By FRANK CARINI/ecoRI News staff
The answer to the above question is a complicated one. In fact, the question of water ownership has been debated since at least ancient Rome, and today, some 2,000 years later, government, big business and Earth’s 6.9 billion and growing inhabitants are no closer to a consensus on who owns the tiny percentage of drinkable water on the planet.
Private ownership of water utilities has been growing worldwide for more than a decade. The number of people served by private water companies grew from 51 million in 1990 to nearly 300 million in 2002, according to the Journal of Water Resources Planning and Management.
But even as we continue to debate water rights, one aspect of the issue is crystal clear: a third of the world — about 900 million people — doesn’t have adequate access to clean water.
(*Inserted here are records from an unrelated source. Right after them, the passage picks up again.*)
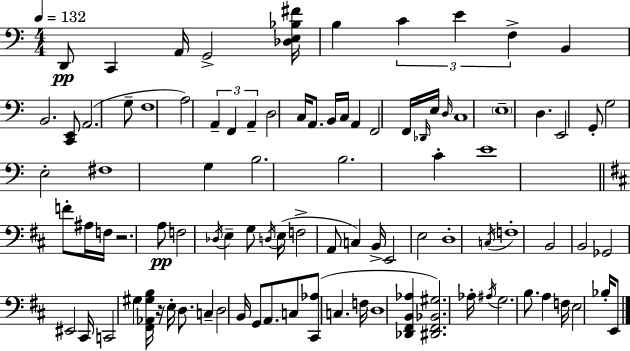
X:1
T:Untitled
M:4/4
L:1/4
K:Am
D,,/2 C,, A,,/4 G,,2 [_D,E,_B,^F]/4 B, C E F, B,, B,,2 [C,,E,,]/2 A,,2 G,/2 F,4 A,2 A,, F,, A,, D,2 C,/4 A,,/2 B,,/4 C,/4 A,, F,,2 F,,/4 _D,,/4 E,/4 D,/4 C,4 E,4 D, E,,2 G,,/2 G,2 E,2 ^F,4 G, B,2 B,2 C E4 F/2 ^A,/4 F,/4 z2 A,/2 F,2 _D,/4 E, G,/2 D,/4 E,/4 F,2 A,,/2 C, B,,/4 E,,2 E,2 D,4 C,/4 F,4 B,,2 B,,2 _G,,2 ^E,,2 ^C,,/4 C,,2 ^G, [^F,,_A,,^G,B,]/4 z/4 E,/4 D,/2 C, D,2 B,,/4 G,,/2 A,,/2 C,/2 [^C,,_A,]/2 C, F,/4 D,4 [_D,,^F,,B,,_A,] [^D,,^F,,_B,,^G,]2 _A,/4 ^A,/4 G,2 B,/2 A, F,/4 E,2 _B,/4 E,,/2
Less than 1 percent of the water on the planet is drinkable untreated, and consumption of this resource varies across the globe. In the United States, each person, on average, uses about 150 gallons of water daily. In Britain, that per-person average falls to 30 gallons a day. In the world’s poorer countries, such as Kenya, millions of people subsist on less than 5 gallons a day.
Last July, the United Nations declared “safe and clean drinking water and sanitation a human right essential to the full enjoyment of life.” According to the U.N., a person needs 13 gallons of water a day for drinking, bathing and cooking.
But even as America wastes billions of gallons of potable water annually on such practices as watering lawns — a third of U.S. water use is devoted to landscape management, according to Sheila Dormody, director of Clean Water Action Rhode Island — and hosing down sidewalks, there are those looking to cash in on a natural resource many consider a public right.
“The tension between public ownership and privatization of our water resources is enormous,” said Cheryl King Fisher, executive director of the Vermont-based New England Grassroots Environmental Fund. “Water is the gold of the current century.”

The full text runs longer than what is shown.